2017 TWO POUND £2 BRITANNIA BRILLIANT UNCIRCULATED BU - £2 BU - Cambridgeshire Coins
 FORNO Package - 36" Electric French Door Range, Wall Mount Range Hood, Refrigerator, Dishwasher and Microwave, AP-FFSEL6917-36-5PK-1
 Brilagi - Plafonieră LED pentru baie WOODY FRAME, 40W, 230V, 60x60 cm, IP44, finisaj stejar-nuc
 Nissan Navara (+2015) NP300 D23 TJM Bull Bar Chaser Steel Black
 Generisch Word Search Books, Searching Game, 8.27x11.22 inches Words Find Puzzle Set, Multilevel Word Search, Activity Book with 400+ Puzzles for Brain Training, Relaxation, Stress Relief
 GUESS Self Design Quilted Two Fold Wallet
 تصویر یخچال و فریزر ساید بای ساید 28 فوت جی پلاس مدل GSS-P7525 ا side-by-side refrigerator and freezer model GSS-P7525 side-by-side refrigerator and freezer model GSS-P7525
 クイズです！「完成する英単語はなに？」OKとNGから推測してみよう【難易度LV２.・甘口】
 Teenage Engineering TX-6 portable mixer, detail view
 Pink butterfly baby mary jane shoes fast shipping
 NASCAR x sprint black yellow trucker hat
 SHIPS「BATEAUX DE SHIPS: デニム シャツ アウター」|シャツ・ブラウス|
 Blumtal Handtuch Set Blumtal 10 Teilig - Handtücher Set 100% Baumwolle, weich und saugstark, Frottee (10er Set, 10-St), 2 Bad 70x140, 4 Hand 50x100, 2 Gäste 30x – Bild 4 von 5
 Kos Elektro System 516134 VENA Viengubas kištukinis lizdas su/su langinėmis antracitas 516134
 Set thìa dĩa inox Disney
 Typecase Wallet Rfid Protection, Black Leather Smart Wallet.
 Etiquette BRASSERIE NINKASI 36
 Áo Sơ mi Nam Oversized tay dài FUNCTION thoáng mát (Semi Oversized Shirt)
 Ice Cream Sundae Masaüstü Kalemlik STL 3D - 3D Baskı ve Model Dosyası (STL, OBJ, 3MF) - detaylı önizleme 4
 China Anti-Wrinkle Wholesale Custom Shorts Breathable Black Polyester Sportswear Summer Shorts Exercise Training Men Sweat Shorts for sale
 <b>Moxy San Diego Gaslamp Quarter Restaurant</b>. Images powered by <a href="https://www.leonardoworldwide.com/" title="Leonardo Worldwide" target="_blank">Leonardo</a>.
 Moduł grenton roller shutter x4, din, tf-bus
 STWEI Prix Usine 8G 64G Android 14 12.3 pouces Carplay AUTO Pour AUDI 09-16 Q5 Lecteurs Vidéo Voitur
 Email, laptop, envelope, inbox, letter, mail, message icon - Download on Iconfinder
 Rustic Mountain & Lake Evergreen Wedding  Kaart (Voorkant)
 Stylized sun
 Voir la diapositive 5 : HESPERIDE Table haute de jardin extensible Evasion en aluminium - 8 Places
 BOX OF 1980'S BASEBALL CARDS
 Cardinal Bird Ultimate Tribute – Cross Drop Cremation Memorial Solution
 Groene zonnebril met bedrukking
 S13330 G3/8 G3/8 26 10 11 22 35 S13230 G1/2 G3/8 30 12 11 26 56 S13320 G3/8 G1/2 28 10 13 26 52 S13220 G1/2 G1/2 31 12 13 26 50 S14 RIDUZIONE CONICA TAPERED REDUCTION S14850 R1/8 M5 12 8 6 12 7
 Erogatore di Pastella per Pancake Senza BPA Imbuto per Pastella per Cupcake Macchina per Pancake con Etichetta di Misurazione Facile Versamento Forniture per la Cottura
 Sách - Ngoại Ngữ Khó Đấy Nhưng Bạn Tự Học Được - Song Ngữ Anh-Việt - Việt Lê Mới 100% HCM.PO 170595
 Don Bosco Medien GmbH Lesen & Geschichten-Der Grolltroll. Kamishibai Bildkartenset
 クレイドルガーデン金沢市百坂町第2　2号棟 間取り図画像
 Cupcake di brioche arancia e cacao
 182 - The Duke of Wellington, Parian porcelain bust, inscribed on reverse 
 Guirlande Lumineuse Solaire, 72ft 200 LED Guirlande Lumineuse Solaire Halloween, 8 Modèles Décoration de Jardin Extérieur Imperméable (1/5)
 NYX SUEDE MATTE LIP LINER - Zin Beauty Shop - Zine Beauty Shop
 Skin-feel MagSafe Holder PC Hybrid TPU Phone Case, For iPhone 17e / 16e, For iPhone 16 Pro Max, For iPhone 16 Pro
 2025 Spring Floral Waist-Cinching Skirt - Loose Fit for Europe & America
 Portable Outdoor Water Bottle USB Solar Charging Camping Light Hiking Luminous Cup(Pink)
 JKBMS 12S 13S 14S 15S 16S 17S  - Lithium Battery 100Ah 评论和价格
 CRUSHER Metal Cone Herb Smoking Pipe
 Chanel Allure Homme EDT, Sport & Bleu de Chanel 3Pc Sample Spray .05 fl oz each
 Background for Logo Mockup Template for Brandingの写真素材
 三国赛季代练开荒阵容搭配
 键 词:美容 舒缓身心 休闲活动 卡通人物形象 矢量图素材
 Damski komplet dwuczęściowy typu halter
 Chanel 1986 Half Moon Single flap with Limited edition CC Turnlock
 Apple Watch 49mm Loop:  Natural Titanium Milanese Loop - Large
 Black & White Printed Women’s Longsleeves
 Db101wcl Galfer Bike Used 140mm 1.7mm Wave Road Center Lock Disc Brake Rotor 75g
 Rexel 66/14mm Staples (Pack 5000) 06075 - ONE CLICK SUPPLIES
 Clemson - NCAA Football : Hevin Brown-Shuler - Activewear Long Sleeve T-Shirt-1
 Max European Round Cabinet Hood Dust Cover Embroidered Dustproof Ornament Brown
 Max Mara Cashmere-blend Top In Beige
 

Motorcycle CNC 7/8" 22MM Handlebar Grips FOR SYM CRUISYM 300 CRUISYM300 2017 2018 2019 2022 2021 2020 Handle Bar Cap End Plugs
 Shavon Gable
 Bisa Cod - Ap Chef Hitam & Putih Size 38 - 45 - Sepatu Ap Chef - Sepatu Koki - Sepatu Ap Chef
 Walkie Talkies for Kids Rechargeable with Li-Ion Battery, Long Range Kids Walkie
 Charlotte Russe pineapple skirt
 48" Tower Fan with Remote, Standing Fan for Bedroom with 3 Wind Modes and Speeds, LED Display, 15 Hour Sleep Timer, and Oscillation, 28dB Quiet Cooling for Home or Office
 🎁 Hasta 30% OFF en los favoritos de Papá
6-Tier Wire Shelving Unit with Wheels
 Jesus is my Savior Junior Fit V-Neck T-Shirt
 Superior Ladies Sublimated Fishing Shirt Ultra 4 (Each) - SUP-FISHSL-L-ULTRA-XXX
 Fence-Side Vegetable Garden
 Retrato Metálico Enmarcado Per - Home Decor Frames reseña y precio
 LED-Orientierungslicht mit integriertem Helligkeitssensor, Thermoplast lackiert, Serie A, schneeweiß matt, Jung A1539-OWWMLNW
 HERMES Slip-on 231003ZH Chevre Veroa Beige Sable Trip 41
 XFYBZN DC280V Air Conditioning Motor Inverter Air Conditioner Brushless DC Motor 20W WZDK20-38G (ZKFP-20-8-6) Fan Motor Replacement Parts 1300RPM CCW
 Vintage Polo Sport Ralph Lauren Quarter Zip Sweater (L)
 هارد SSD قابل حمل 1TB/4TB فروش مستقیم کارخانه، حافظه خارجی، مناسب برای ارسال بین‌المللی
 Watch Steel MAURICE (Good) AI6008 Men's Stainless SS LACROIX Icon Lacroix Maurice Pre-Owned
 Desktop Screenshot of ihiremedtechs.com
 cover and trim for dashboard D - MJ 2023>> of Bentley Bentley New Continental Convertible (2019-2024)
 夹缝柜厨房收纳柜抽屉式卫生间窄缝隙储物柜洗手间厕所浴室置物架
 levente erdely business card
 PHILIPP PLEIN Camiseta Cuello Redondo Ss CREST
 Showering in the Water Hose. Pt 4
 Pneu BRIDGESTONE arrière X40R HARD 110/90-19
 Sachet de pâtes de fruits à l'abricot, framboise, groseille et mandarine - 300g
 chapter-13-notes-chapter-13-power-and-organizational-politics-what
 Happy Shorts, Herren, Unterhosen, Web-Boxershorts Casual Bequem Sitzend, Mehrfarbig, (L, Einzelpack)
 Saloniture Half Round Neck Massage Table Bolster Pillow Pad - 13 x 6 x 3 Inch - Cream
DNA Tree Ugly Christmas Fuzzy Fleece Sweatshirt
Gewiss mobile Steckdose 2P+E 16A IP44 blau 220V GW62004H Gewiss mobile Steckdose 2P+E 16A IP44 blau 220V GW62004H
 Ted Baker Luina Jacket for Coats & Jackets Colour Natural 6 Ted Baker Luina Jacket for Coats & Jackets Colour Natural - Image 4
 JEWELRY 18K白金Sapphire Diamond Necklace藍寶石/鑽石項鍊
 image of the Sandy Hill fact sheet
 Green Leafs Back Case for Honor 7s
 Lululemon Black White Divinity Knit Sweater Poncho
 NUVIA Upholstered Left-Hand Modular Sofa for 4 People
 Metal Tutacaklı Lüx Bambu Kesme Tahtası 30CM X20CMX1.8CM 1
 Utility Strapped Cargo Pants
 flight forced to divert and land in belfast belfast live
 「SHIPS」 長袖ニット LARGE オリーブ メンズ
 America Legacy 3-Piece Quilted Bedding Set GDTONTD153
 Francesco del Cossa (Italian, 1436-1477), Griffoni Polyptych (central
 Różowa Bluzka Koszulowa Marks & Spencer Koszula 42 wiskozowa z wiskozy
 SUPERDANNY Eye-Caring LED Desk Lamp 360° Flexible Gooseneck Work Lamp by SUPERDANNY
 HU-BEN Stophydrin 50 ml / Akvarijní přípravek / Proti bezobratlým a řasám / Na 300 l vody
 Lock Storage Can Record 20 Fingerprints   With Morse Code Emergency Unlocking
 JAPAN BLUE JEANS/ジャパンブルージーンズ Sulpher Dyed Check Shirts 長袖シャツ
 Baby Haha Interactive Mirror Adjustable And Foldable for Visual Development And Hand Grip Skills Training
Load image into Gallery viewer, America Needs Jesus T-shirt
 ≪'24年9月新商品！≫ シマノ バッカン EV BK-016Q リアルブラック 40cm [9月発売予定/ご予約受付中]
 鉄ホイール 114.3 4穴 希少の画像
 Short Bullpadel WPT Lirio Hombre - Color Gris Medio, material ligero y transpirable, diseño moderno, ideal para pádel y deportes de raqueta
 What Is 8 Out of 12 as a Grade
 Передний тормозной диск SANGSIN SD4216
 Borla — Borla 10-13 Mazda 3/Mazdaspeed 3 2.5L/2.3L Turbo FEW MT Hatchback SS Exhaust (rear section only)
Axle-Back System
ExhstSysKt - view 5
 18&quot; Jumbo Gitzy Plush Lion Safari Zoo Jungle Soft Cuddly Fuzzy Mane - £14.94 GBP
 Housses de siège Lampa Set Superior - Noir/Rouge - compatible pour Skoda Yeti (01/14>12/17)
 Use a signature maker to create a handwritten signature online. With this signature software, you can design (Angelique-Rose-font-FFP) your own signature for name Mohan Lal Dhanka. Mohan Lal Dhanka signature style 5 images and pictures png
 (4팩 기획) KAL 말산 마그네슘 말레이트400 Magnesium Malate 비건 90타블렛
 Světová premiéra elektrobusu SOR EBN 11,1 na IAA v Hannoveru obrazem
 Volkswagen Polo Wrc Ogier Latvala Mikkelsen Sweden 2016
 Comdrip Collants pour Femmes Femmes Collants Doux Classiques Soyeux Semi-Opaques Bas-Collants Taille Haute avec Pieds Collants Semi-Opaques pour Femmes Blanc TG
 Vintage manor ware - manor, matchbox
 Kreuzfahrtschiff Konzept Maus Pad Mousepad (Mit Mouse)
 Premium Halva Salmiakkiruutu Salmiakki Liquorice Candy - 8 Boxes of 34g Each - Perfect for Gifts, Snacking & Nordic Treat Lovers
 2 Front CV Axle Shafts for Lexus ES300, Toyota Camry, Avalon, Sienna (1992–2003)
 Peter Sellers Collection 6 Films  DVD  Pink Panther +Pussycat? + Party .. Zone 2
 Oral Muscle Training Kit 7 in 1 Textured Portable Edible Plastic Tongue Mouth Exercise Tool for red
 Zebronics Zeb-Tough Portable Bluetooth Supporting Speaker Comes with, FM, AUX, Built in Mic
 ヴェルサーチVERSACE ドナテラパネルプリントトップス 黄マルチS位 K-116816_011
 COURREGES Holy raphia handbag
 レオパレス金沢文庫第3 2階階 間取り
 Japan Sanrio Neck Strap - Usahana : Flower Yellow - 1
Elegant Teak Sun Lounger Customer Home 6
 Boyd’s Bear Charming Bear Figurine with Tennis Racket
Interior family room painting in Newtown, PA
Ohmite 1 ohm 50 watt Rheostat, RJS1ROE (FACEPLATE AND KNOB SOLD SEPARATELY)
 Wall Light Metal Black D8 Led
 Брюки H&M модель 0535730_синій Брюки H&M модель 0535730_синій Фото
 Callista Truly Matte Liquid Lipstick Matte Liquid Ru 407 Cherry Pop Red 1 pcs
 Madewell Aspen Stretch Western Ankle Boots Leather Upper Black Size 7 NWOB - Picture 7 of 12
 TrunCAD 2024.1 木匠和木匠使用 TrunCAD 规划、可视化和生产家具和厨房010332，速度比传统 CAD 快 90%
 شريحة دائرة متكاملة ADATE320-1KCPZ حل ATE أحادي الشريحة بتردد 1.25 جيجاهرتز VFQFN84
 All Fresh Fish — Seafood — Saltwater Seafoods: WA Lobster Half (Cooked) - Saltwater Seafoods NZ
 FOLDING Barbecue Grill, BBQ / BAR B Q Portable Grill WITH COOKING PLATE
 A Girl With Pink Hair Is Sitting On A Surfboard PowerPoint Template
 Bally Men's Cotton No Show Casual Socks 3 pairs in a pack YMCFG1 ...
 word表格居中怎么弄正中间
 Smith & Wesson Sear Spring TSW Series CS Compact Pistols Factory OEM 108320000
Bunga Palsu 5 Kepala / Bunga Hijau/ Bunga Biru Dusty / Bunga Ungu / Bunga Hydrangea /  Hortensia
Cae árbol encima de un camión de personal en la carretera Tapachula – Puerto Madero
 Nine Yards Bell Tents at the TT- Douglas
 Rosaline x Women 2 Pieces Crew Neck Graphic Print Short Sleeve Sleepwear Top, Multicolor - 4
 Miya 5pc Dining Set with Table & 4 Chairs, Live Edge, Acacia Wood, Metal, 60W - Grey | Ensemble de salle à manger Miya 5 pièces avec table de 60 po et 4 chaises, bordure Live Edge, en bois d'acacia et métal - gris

——

Work instructions
Only the lines holding the word "SHIPS" belong in the answer; copy them from the listing above.

Solution to this problem
 SHIPS「BATEAUX DE SHIPS: デニム シャツ アウター」|シャツ・ブラウス|
 「SHIPS」 長袖ニット LARGE オリーブ メンズ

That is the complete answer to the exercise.